▶ [Input]:
┄┄┄┄┄┄┄┄┄┄

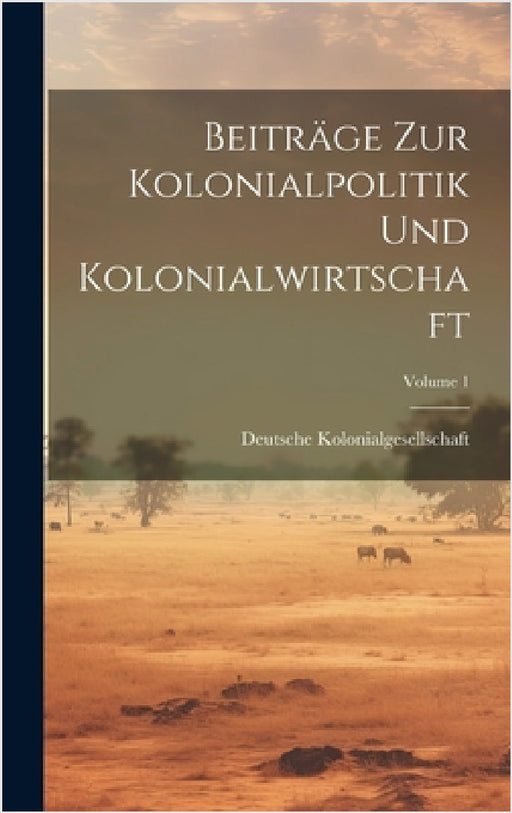 Beiträge Zur Kolonialpolitik Und Kolonialwirtschaft; Volume 1 by Deutsche Kolonialgesellschaft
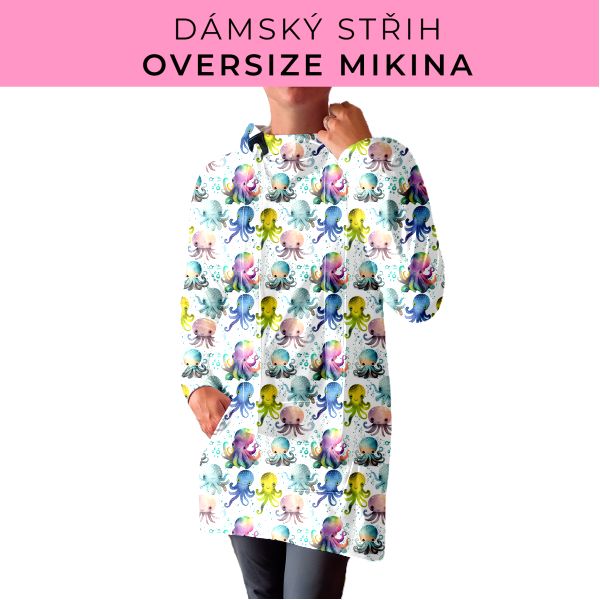 DÁMSKÝ střih - Oversize mikina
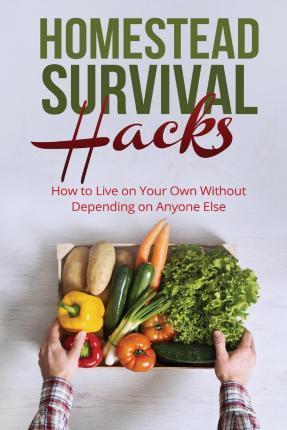 Homestead Survival Hacks: How to Live on Your Own Without Depending on Anyone - Amy Lambert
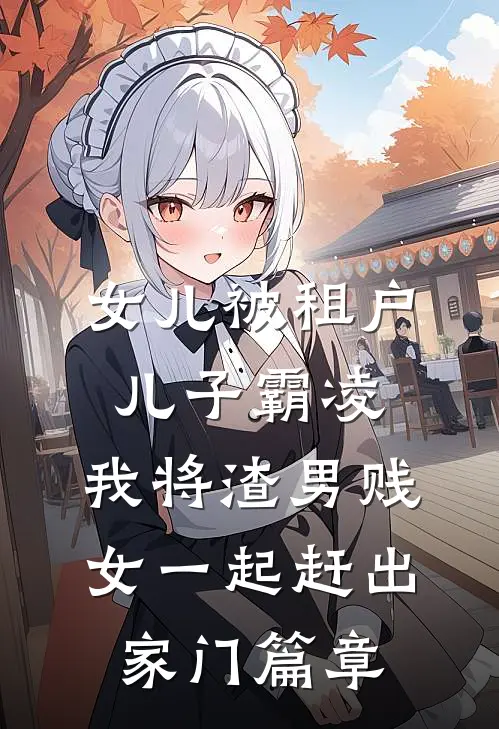 女儿被租户儿子霸凌，我将渣男贱女一起赶出家门篇章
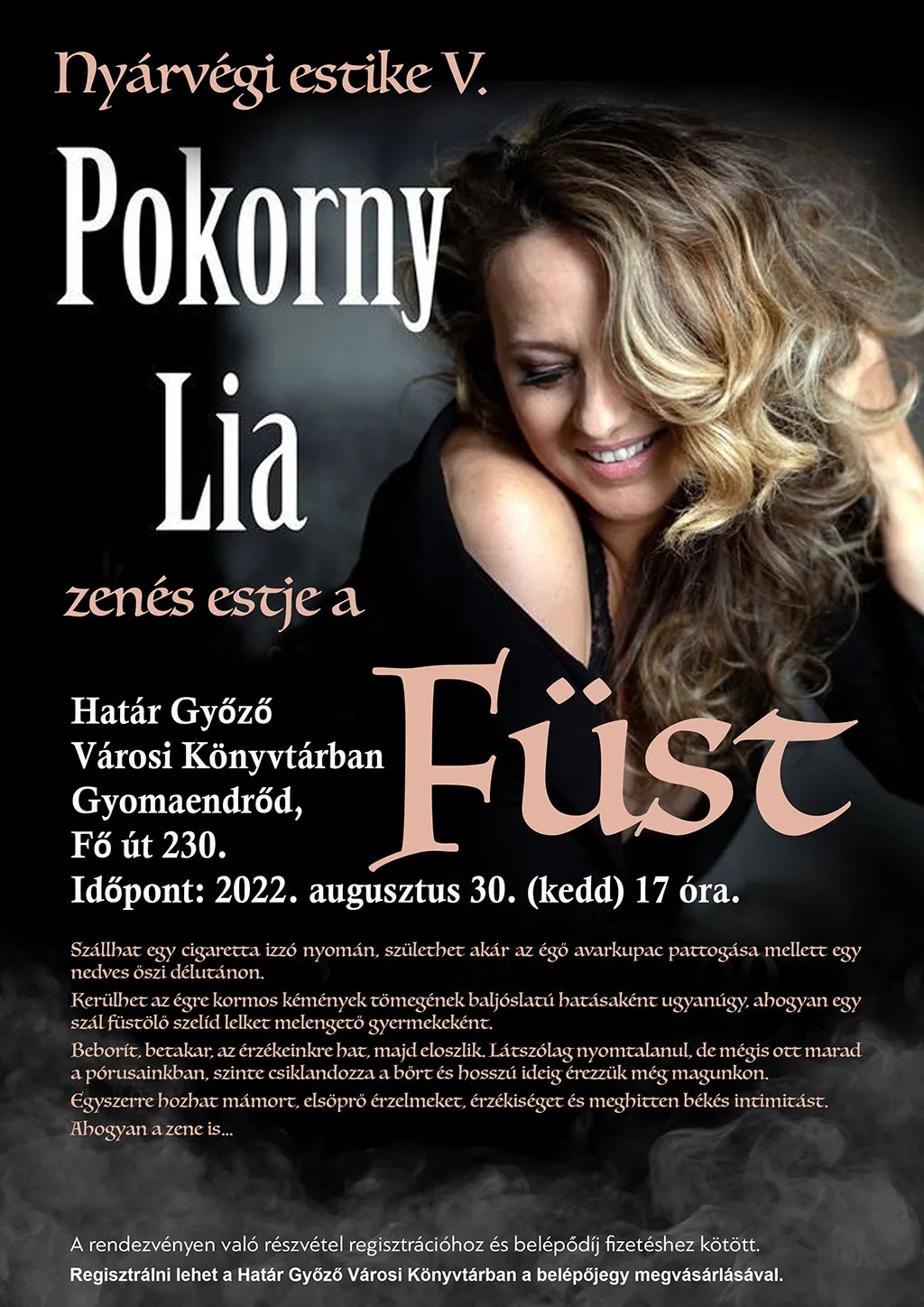 Nyárvégi Estike V.: Füst - Pokorni Lia zenés estje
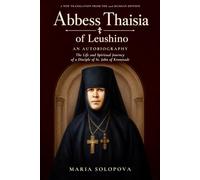 Abbess Thaisia of Leushino: The Life and Spiritual Journey of a Disciple of St. John of Kronstadt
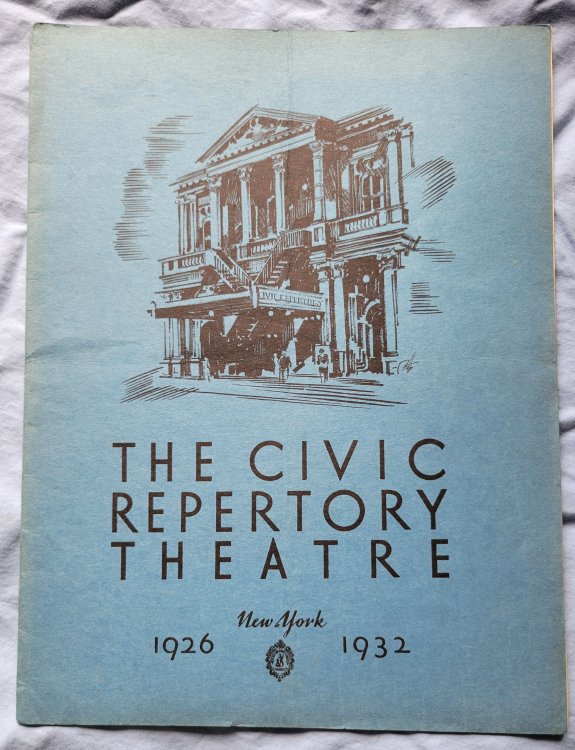 The Civic Repertory Theatre New York 1926 - 1932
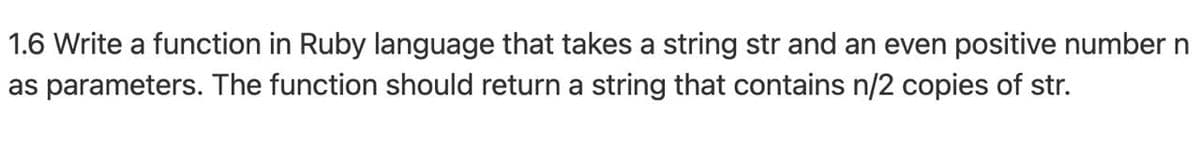 1.6 Write a function in Ruby language that takes a string str and an even positive number n
as parameters. The function should return a string that contains n/2 copies of str.
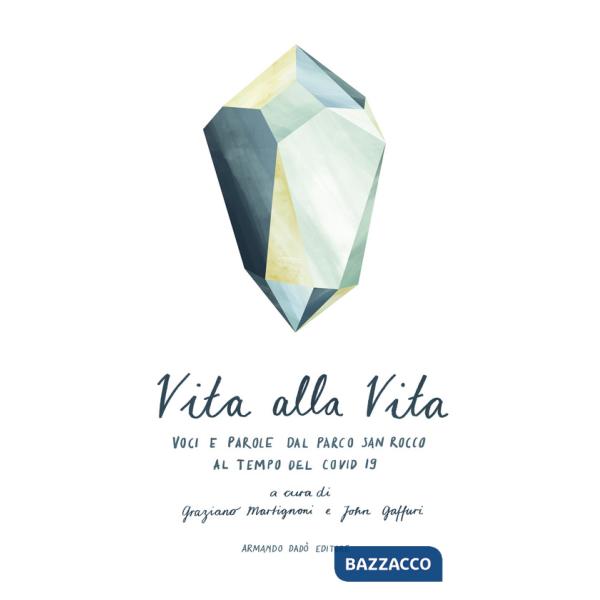 Vita alla vita. Voci e parole dal Parco San Rocco al tempo del Covid 19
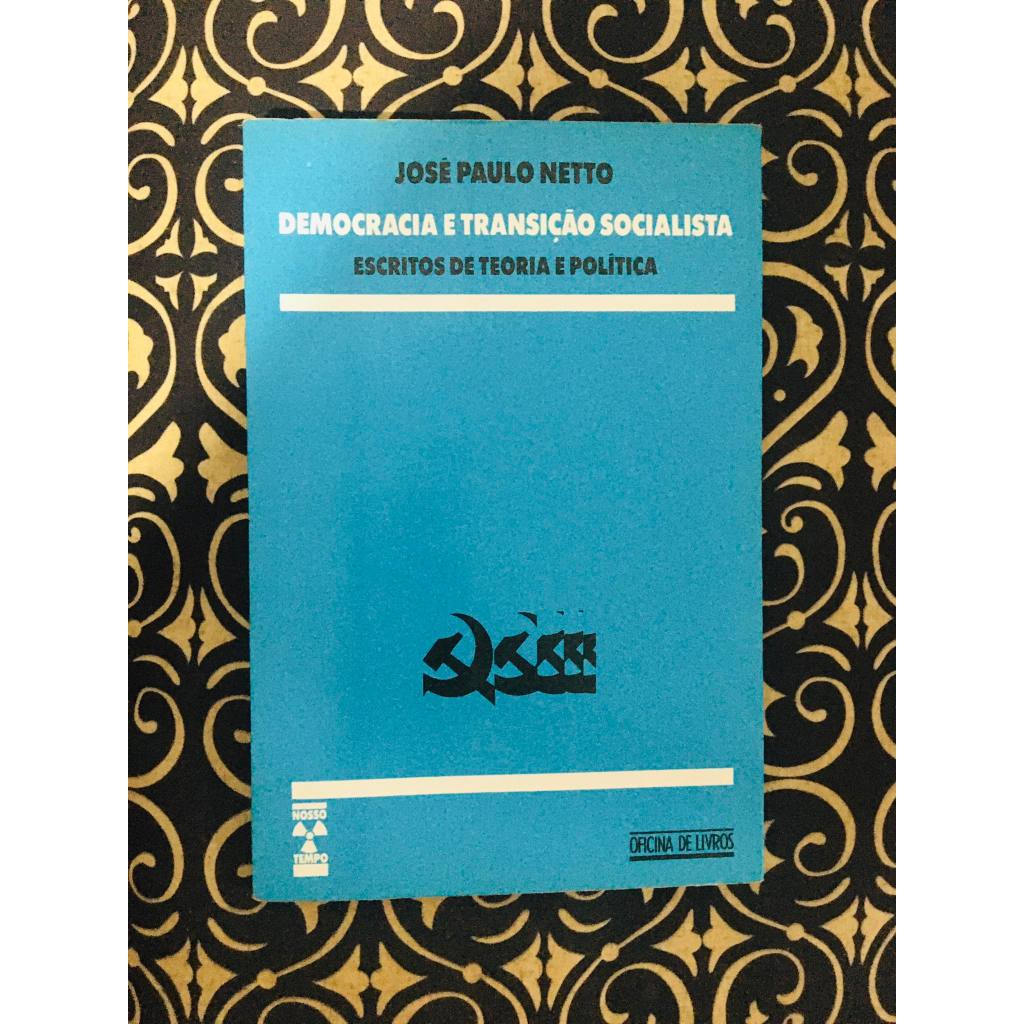 Livro Democracia E Transi O Socialista Jos Paulo Netto Shopee Brasil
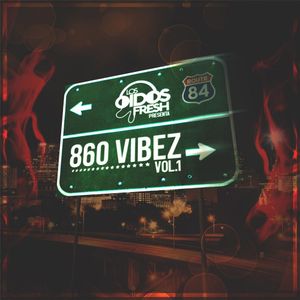 860 Vibez, Vol. 1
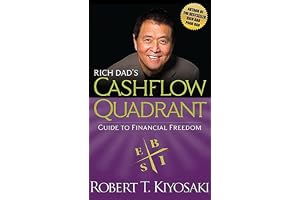 Rich Dad's Cashflow Quadrant: Guide to Financial Freedom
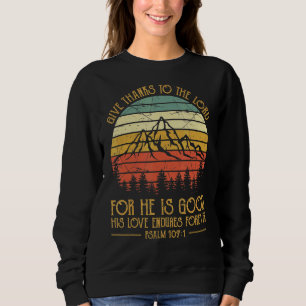 Sweatshirt Remercie Le Seigneur Car Il Est Bon Chrétien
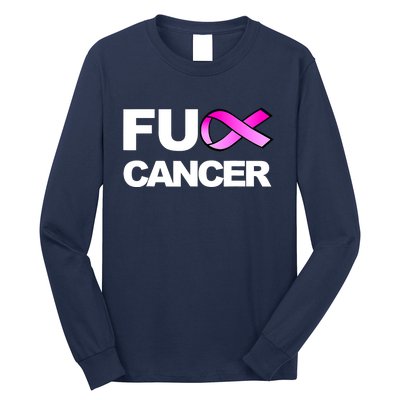 Fuck Cancer Funny Fuck Breast Cancer Awareness Long Sleeve Shirt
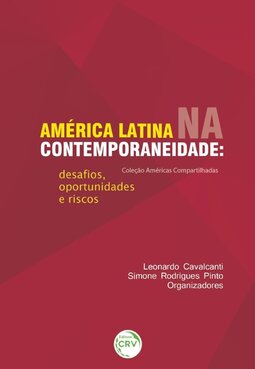 América Latina na contemporaneidade: desafios, oportunidades e riscos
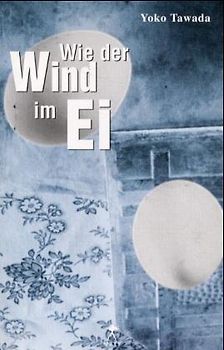 Wie der Wind im Ei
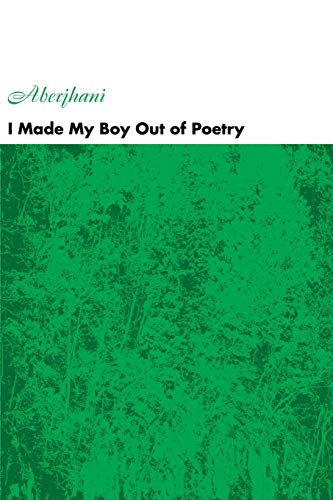 I Made My Boy Out of Poetry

┄┄┄┄┄┄┄┄┄┄

▶ [Task item]: Every line from the one containing "The Civic Repertory" through the final line of the records above is to be written out exactly; nothing else, and no pictures.

▶ [Reply to the exercise]:
 The Civic Repertory Theatre New York 1926 - 1932
 1.6 Write a function in Ruby language that takes a string str and an even positive number n
as parameters. The function should return a string that contains n/2 copies of str.
 Vita alla vita. Voci e parole dal Parco San Rocco al tempo del Covid 19
 Livro Democracia E Transi O Socialista Jos Paulo Netto Shopee Brasil
 860 Vibez, Vol. 1
 Rich Dad's Cashflow Quadrant: Guide to Financial Freedom
 Sweatshirt Remercie Le Seigneur Car Il Est Bon Chrétien
 Fuck Cancer Funny Fuck Breast Cancer Awareness Long Sleeve Shirt
 América Latina na contemporaneidade: desafios, oportunidades e riscos
 Wie der Wind im Ei
 I Made My Boy Out of Poetry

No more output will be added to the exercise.